━━ Stored data ━━

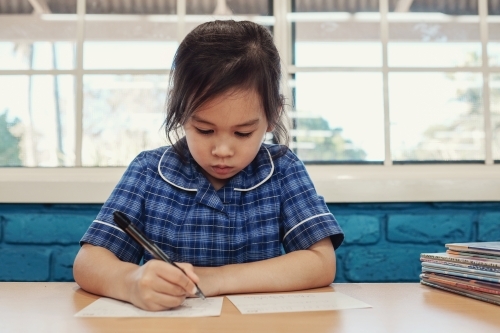 Young student girl writing in libary - Australian Stock Image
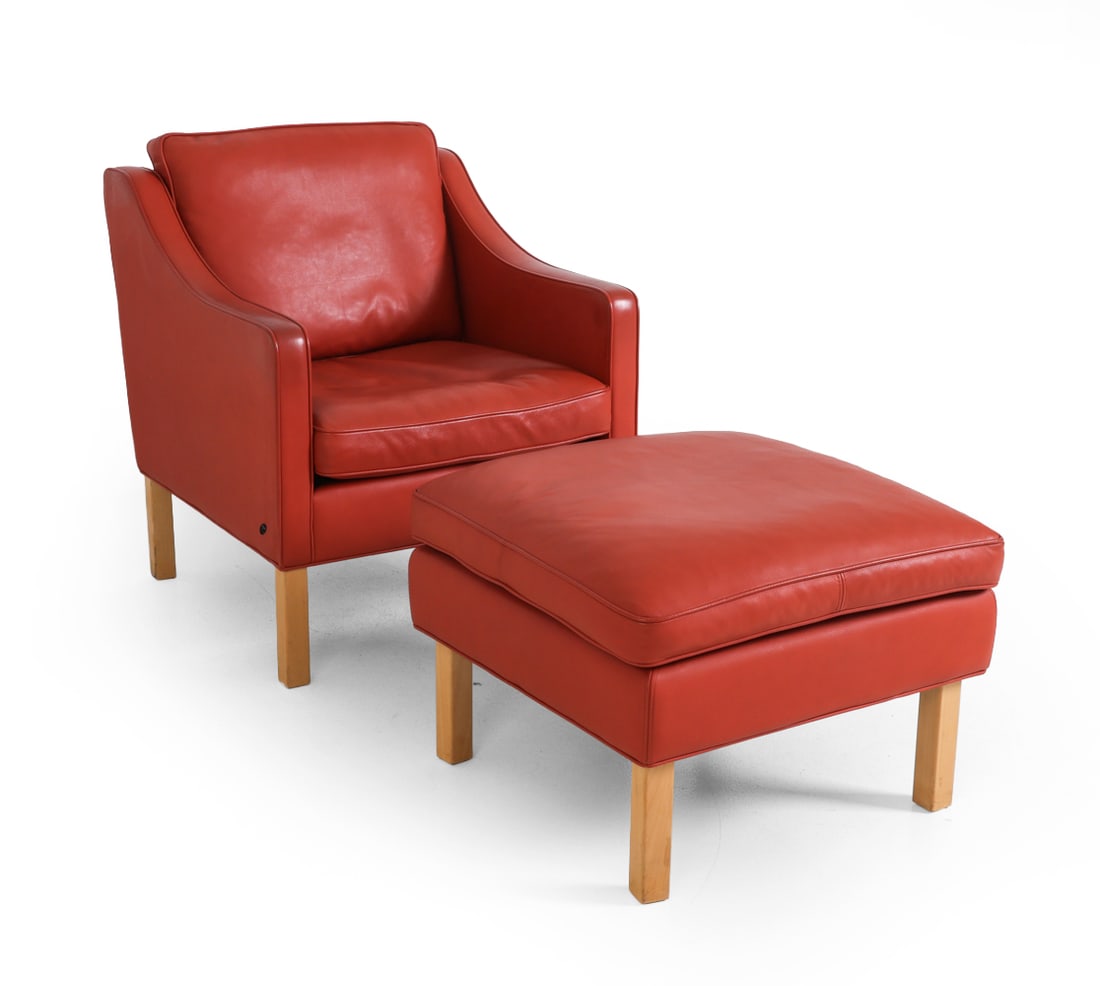 HURUP DANISH LEATHER LOUNGE CHAIR & OTTOMAN: Leather upholstery with beech legs. Tagged to side. Denmark. Dimensions: H 32" x W 29" x D 28" x SH 17.5". Ottoman H 18" x W 24". Condition: Light scuffs to legs. Wear consistent with age and use.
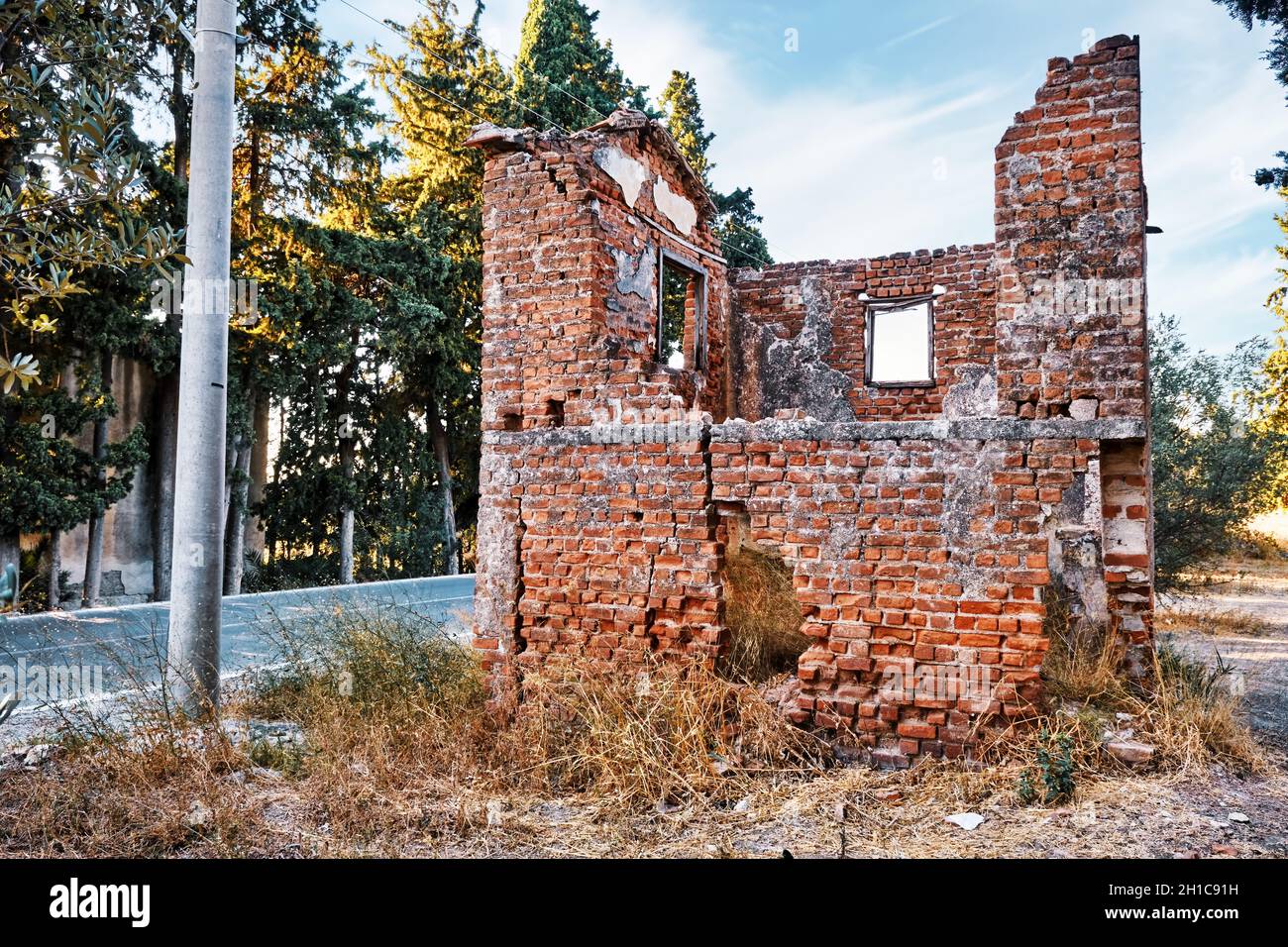 Ruinen eines verlassenen zweistöckigen Backsteinhauses, das sich außerhalb eines ländlichen Wiesenfeldes befindet. Stockfoto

━━━

#### [Assignment]
All lines from the one containing "HURUP DANISH LEATHER" to the last line of the data above, both included, should be printed exactly, and the pictures should not appear.

#### [Task solution]
 HURUP DANISH LEATHER LOUNGE CHAIR & OTTOMAN: Leather upholstery with beech legs. Tagged to side. Denmark. Dimensions: H 32" x W 29" x D 28" x SH 17.5". Ottoman H 18" x W 24". Condition: Light scuffs to legs. Wear consistent with age and use.
 Ruinen eines verlassenen zweistöckigen Backsteinhauses, das sich außerhalb eines ländlichen Wiesenfeldes befindet. Stockfoto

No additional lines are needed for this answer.